Thread one end of the line through the eye of the hook, just enough to match the length of the shank before the hook starts to bend (photo, top right).
2. Next, begin wrapping the line around the shank in a clockwise direction. The first loop can be a little tricky to get started and may take few tries (photo, second from top right).
3. Continue wrapping backwards toward the bend in the hook. Keep wraps tight and neat. Applying pressure on the line will keep them from coming loose (photo, middle right).
Every angler will have their own preference as to how many wraps to make, but generally 8-18 wraps are sufficient.
4. Next, take the opposite end of the leader, and parallel to the shank, thread it through the eye of the hook in the opposite direction from which the eye was originally threaded. Don't pull the line all the way through the eye; rather, leave plenty of line on the hook side of the eye in order to complete the knot (photo, second from bottom).
Be sure to keep the line taught or the wraps already made will come loose. If they do you may have to start from scratch.
5. Now, continue to make clockwise wraps over the line that was just put through the eye. Generally, 6-15 wraps should suffice (photo, bottom right).
These wraps should still be tight and neat, but do not have to be as tight as the original wraps. Make sure the wraps do not overlap or else the knot won't pull together correctly once complete.
6. Now, while maintaining pressure on the wraps by holding the line tight in one hand, grasp all of the wraps around the shank of the hook with the fingers and thumb of your other hand.

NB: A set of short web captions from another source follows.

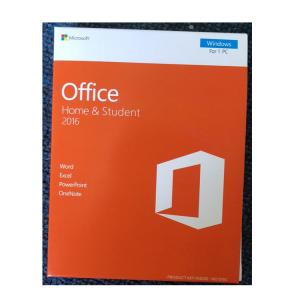 China Genuine License Microsoft Office 2016 Home And Student Retail Key supplier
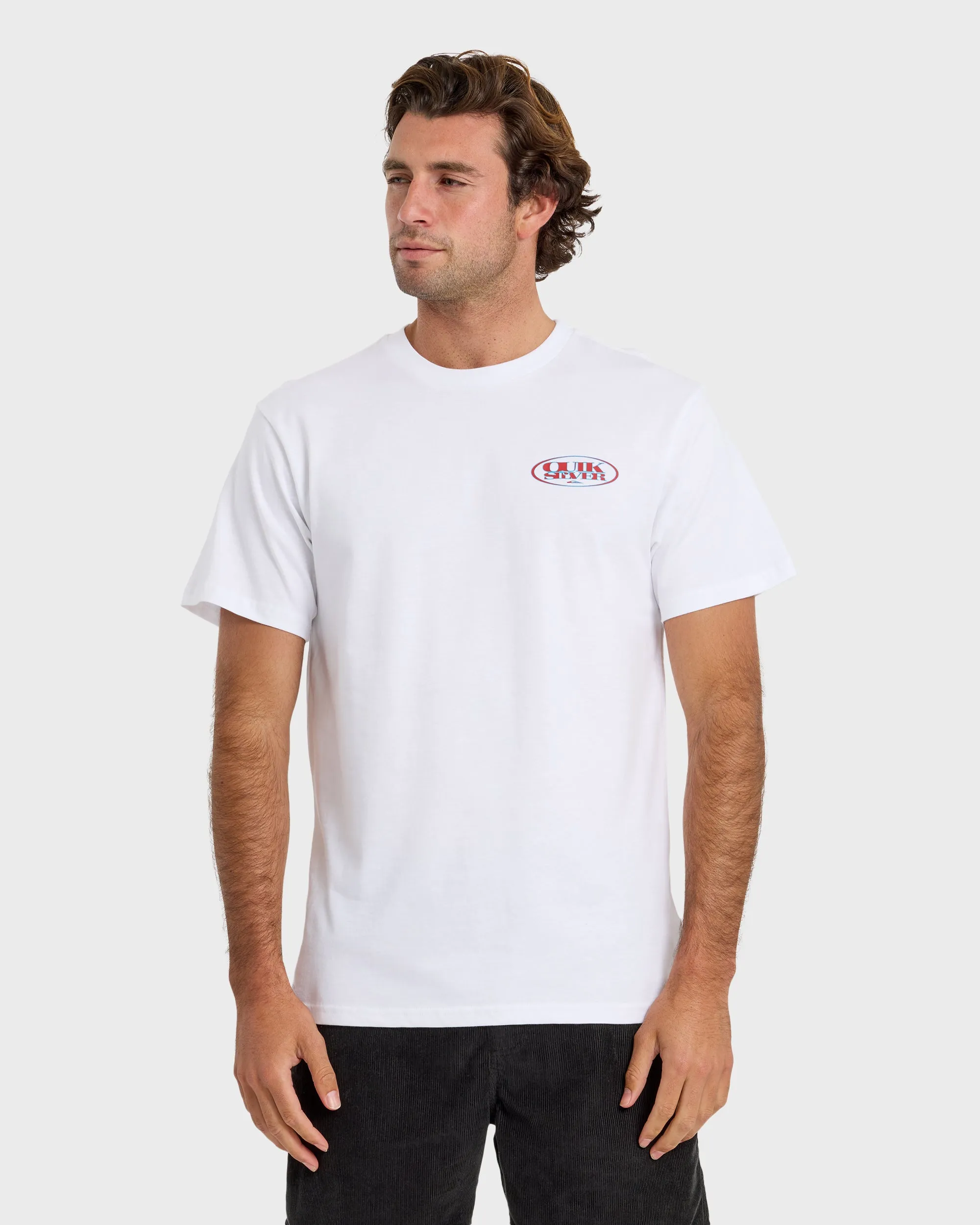 Blends Short Sleeve T-Shirt - White sold by Quiksilver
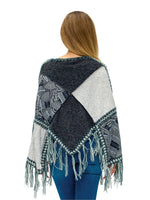 Pullover Patchwork Poncho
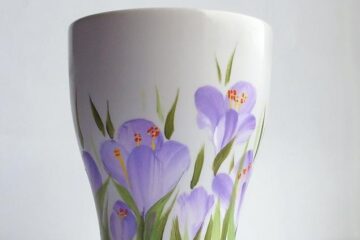 تزیین فنجان با نقاشی تک ضربه ای / نقاشی وان استروک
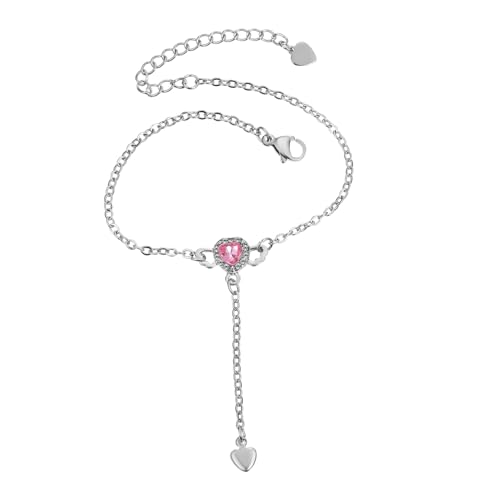 BATHVEVE Verstellbares Kettenarmband für Frauen Dainty Schmuck Titanstahl Geometrisches Modisches für Freundinnen oder Schwestern Accessoire für Handgelenk von BATHVEVE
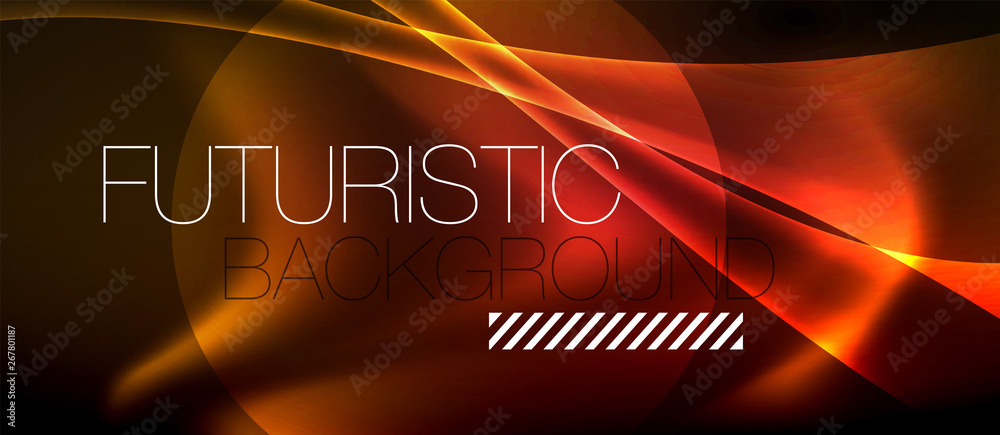 Neon color wave lines abstract background, magic techno futuristic light Neon color wave lines abstract background, magic techno futuristic light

This will free up the hand that was originally holding the line tight. Now, use this free hand (or some may prefer to use their teeth) to grasp the end of the leader that was threaded back through the eye and slowly begin pulling the slack through.
Some twist in the line may occur, but continue to pull slowly allowing it to uncoil as you work it through, or else you'll end up with a bird nest.
Continue pulling until everything is snug. This final step is the trickiest part and may take a few tries to get the hang of it.
Don't get frustrated, just keep at it until you figure out how best to apply pressure to the line at all times (photo, top left).
Now, the hook is ready to have a small clump of roe inserted into the egg loop. Pull the line until the row is held snug against the hook shank where it belongs.
With large clumps of roe, it may be necessary to thread the hook through the egg cluster once or twice, then fold it back up the shank into the egg loop, where it can be cinched down tightly.